### Directions:
Output every entry exactly, without any pictures.

### Data under study:

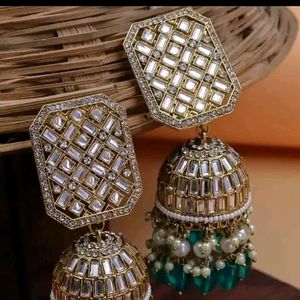 Jhumka Earrings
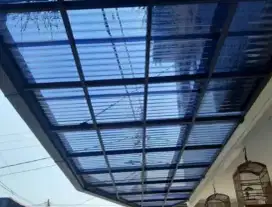 Canopy solartuff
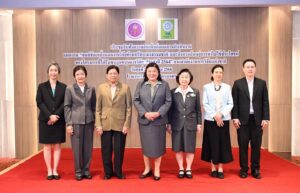 วช. ผลักดันแผนขับเคลื่อนงานวิจัยด้านทรัพยากรธรรมชาติและสิ่งแวดล้อมสู่การใช้ประโยชน์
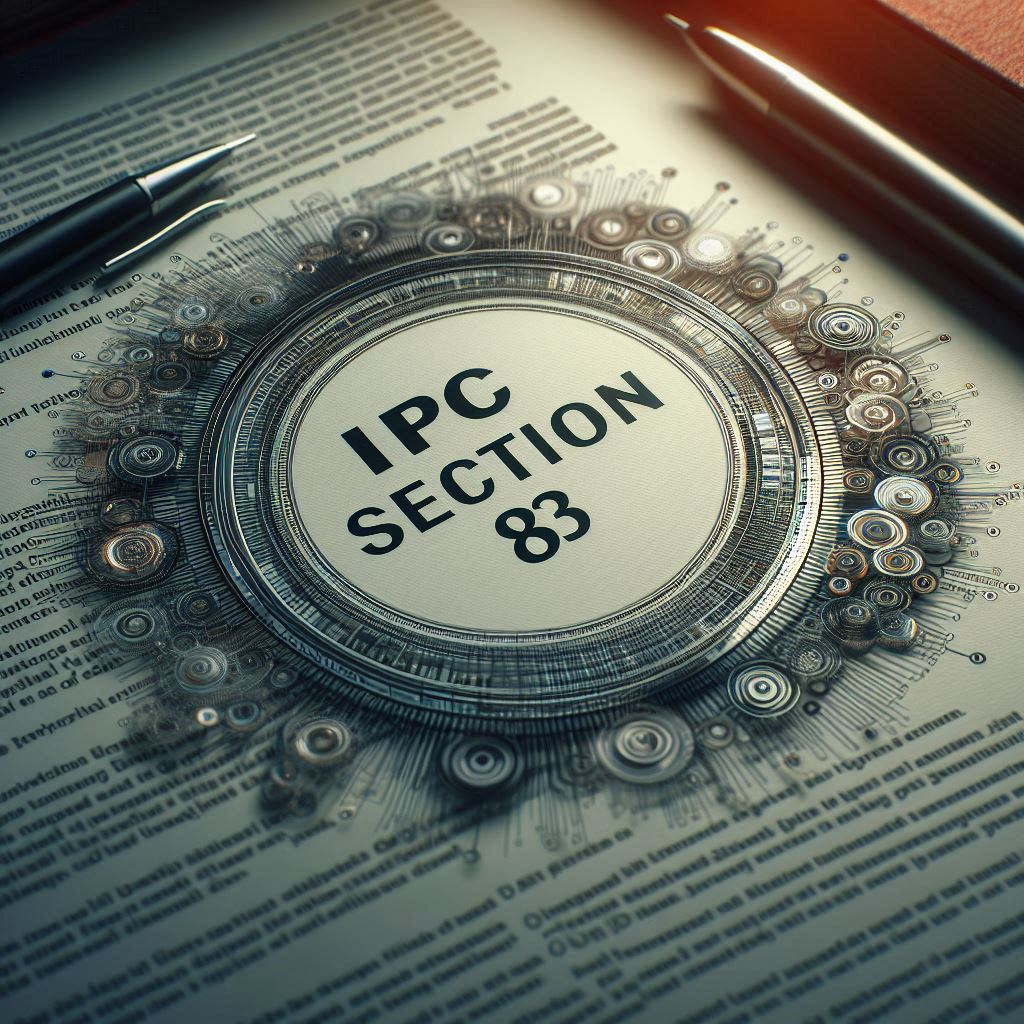 IPC Section 83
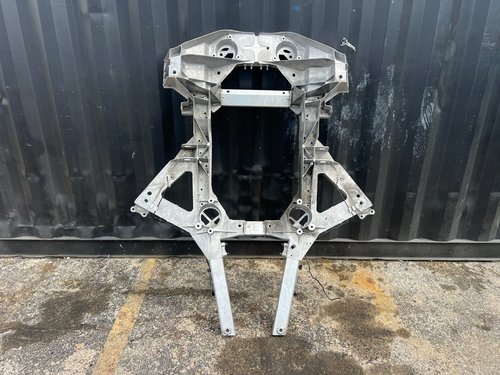 2020 - 2025 OEM CHEVROLET CORVETTE C8 Z51 REAR SUBFRAME CROSSMEMBER ASSEMBLY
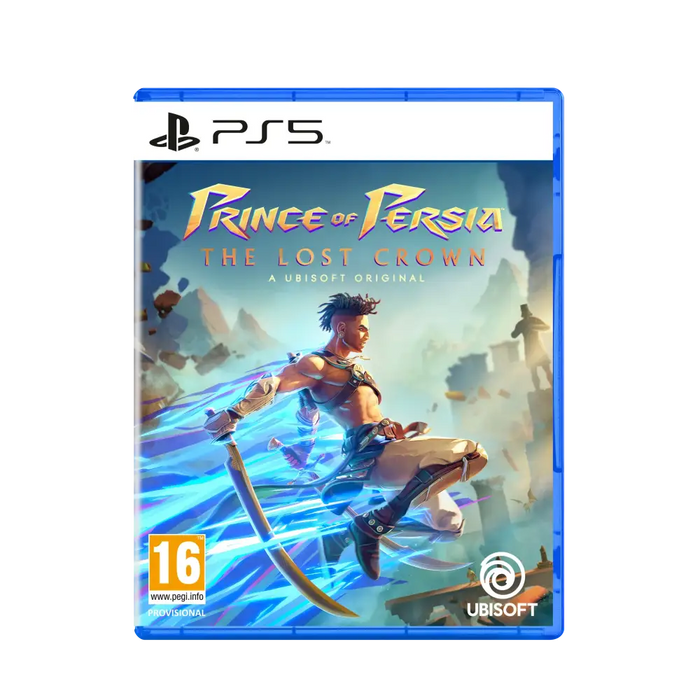Game Prince of Persia The Lost Crown (PS5) - Игри<<<Конзоли и аксесоари<<<ТВ Аудио Gaming<<<ZoraSite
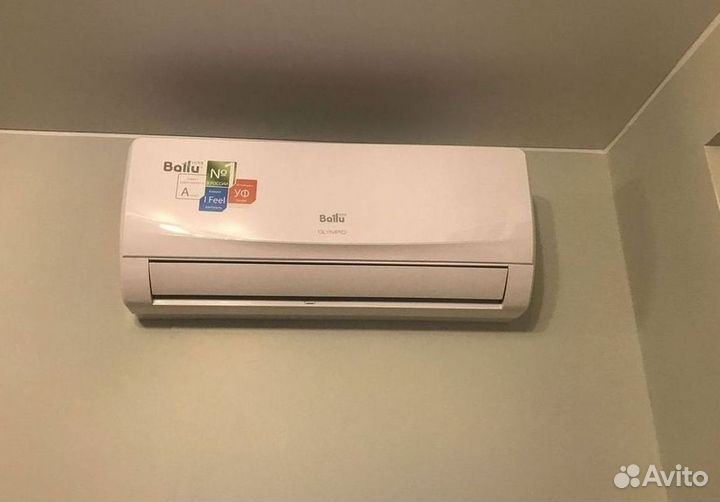 Настенный кондиционер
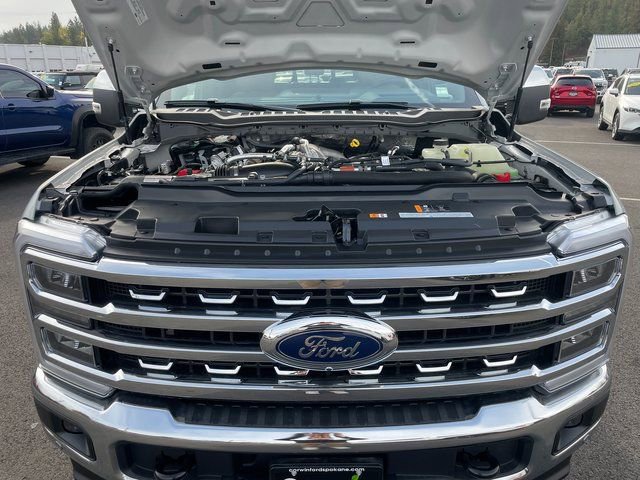 New 2026 Ford F250 Lariat w/ Lariat Ultimate Package image 39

### Response to this exercise:
 Jhumka Earrings
 Canopy solartuff
 วช. ผลักดันแผนขับเคลื่อนงานวิจัยด้านทรัพยากรธรรมชาติและสิ่งแวดล้อมสู่การใช้ประโยชน์
 IPC Section 83
 2020 - 2025 OEM CHEVROLET CORVETTE C8 Z51 REAR SUBFRAME CROSSMEMBER ASSEMBLY
Game Prince of Persia The Lost Crown (PS5) - Игри<<<Конзоли и аксесоари<<<ТВ Аудио Gaming<<<ZoraSite
 Настенный кондиционер
 New 2026 Ford F250 Lariat w/ Lariat Ultimate Package image 39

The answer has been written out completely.